__BRIEF__.
After locating the line with "Customizable Lucky Shamrock" below, output it and each following line exactly, stopping after the line with "Light Up White". No pictures.

__DATA FOR THIS TASK__.

---+---

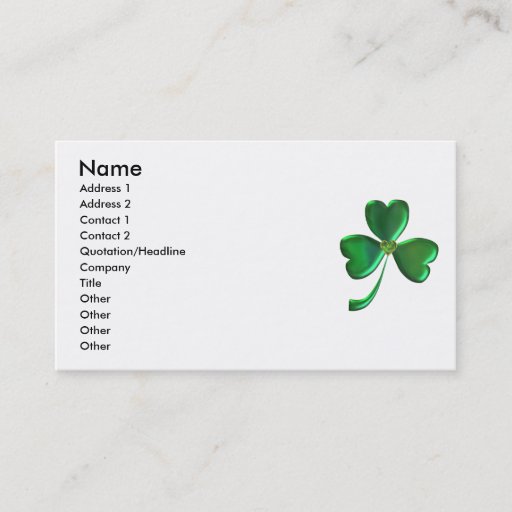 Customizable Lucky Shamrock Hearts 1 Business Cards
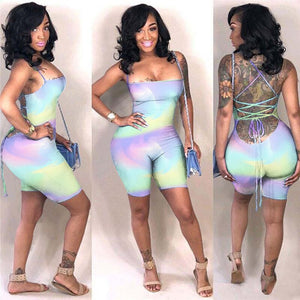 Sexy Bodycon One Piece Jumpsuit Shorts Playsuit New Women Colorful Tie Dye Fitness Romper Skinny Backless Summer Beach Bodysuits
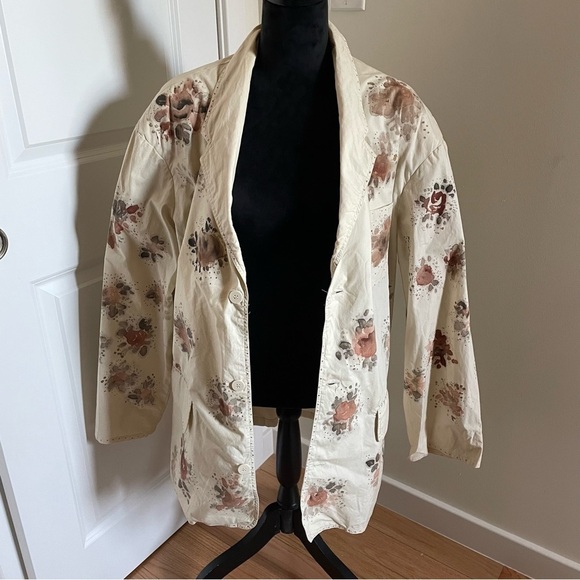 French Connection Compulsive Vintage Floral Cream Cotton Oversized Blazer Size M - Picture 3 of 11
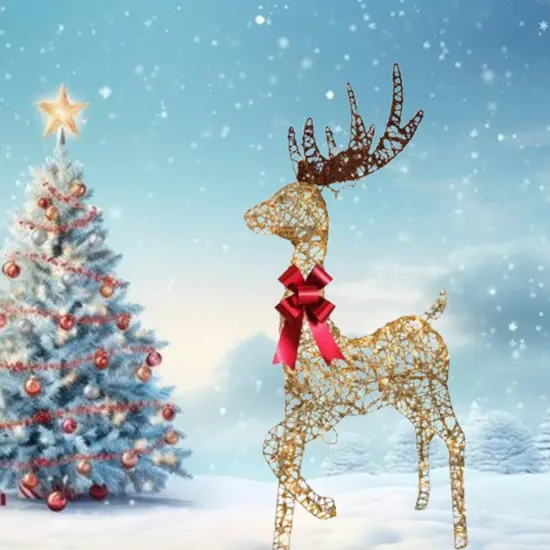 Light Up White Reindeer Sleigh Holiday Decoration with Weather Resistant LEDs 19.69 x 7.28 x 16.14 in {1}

---+---

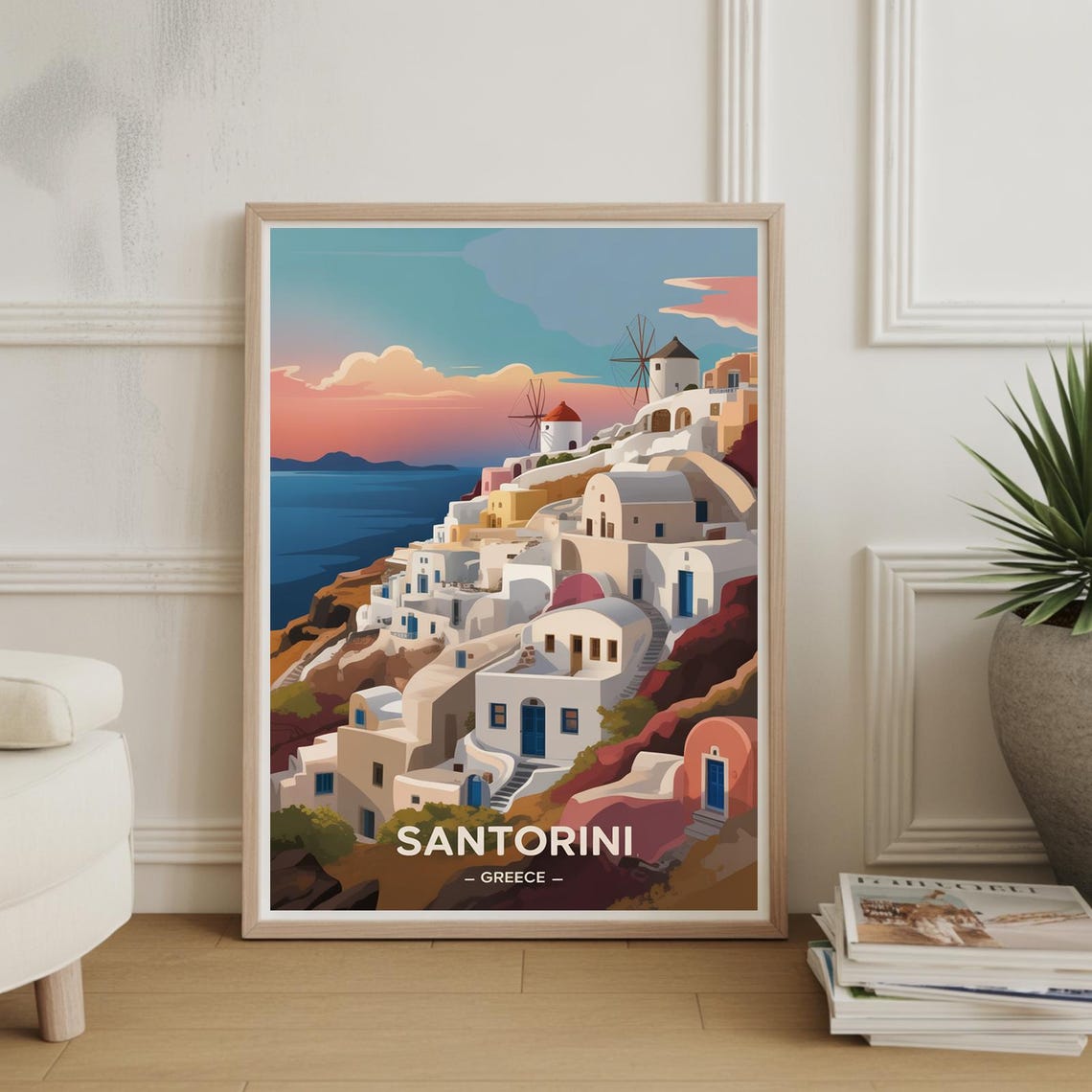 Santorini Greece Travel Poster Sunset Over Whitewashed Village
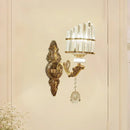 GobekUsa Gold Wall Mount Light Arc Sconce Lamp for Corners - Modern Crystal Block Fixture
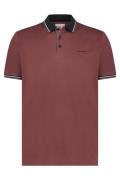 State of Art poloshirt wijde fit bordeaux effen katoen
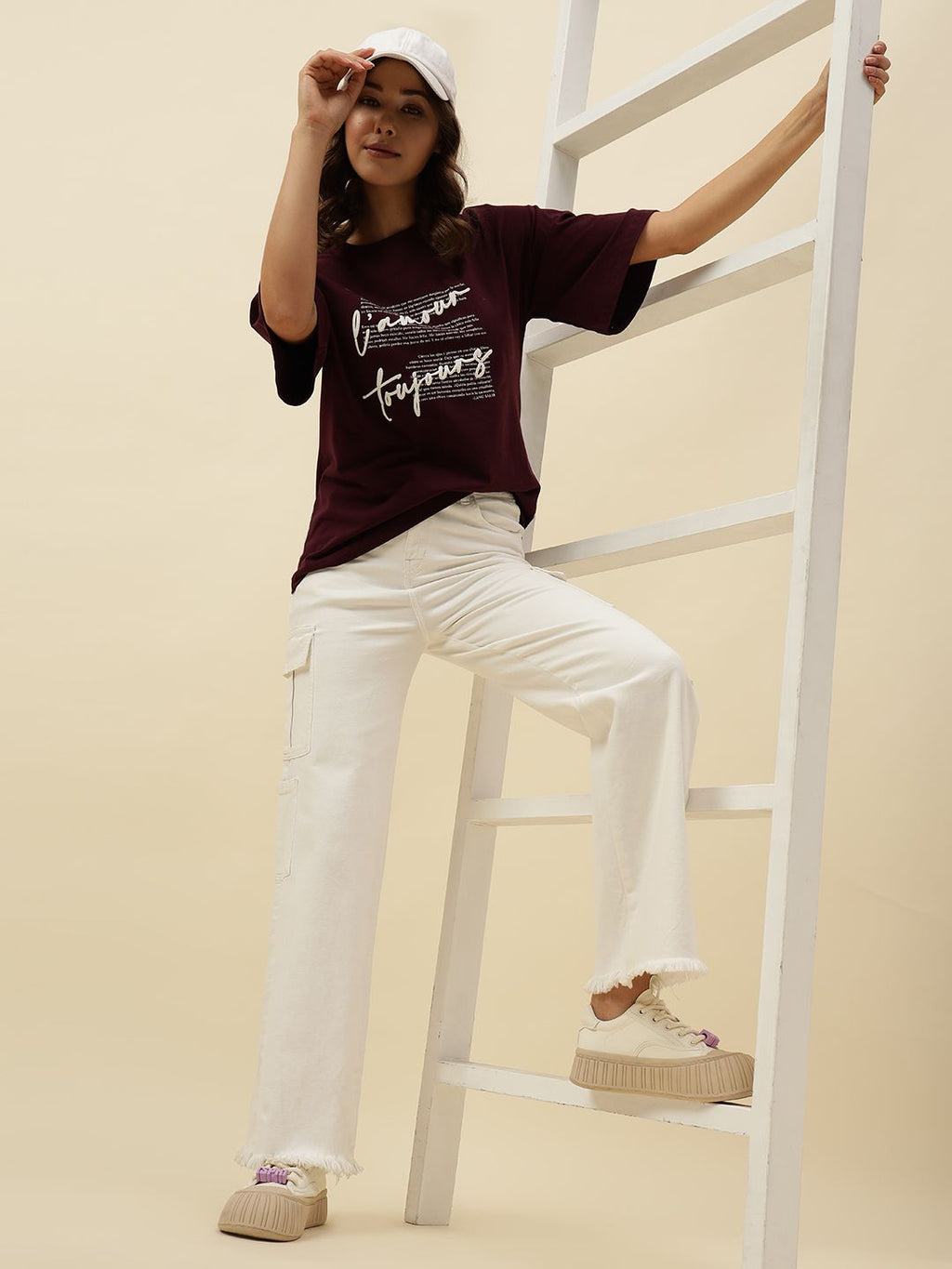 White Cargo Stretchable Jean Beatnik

---+---

__THE ANSWER__.
 Customizable Lucky Shamrock Hearts 1 Business Cards
 Sexy Bodycon One Piece Jumpsuit Shorts Playsuit New Women Colorful Tie Dye Fitness Romper Skinny Backless Summer Beach Bodysuits
 French Connection Compulsive Vintage Floral Cream Cotton Oversized Blazer Size M - Picture 3 of 11
 Light Up White Reindeer Sleigh Holiday Decoration with Weather Resistant LEDs 19.69 x 7.28 x 16.14 in {1}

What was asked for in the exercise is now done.